Tuesday, September 04, 2007

Laptop security

There was a 1/8th page advert in Friday's Daily Telegraph (that's the Sydney tabloid paper) that caught my eye. A $20,000 reward for the return of a lost laptop containing "family photos and videos". There's a report here.

To me, that is a lot of money. The machine (an Acer TravelMate) is probably worth 5% of that. I accept that there are circumstances which could mean some photos could be irreplaceable (though generally I'd expect such photos to have at least been emailed to friends or family, or videos put onto a DVD to watch) . I can even accept that there are people who can put their hands on $20,000. The laptop was stolen from Wahroonga, which is quite a well-off suburb.

Now personally, I've got a couple of external USB drives and photos don't get erased from the camera until they are on both the PC and a backup drive. Our video camera is old enough to have tapes, which get kept rather than overwritten. And the only time I see $20,000 is in my dreams. So no-one would get that sort of money for my laptop. I'd guess for most individuals, backing up their data would remove any premium value fo their laptop. In this case, the backups appear to have been stored with the laptop.

But to a business, the value of their data on a laptop (even if it is backed up elsewhere) could be massively more than the cost of the machine.
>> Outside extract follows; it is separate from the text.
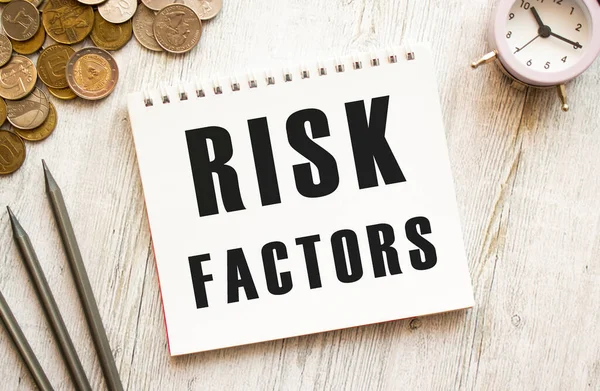 RISK FACTORS text on a sheet of notepad. Coins are scattered, pencils on a gray wooden background. Financial concept.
There's a whole mess of legal and compensation issues if the information is required to be kept confidential.

In my latest role, I've been supplied with a work laptop. I've taken precautions. Firstly, I added ClamWin, an open source virus scanner and did a scan. It may not be as pretty as some scanners, but I don't have to pay for it so I'm content. Then I added TrueCrypt (again, no dollars required) and created a couple of encrypted volumes. Any work data and documents can get recorded in those. Next of the freebies was Eraser and a single pass overwrite of unused diskspace. I set the PC to "Clear Virtual Memory Pagefile" on shutdown, and disabled hibernate too.

I won't fool myself that this is bullet-proof. I read the Security Monkey blog (and recommend it heartily), and should be looking at whole-disk encryption for a better level of lockdown.
However these precautions are sufficient for me to be able to sleep at nights knowing that someone casually browsing the disks won't pick up anything.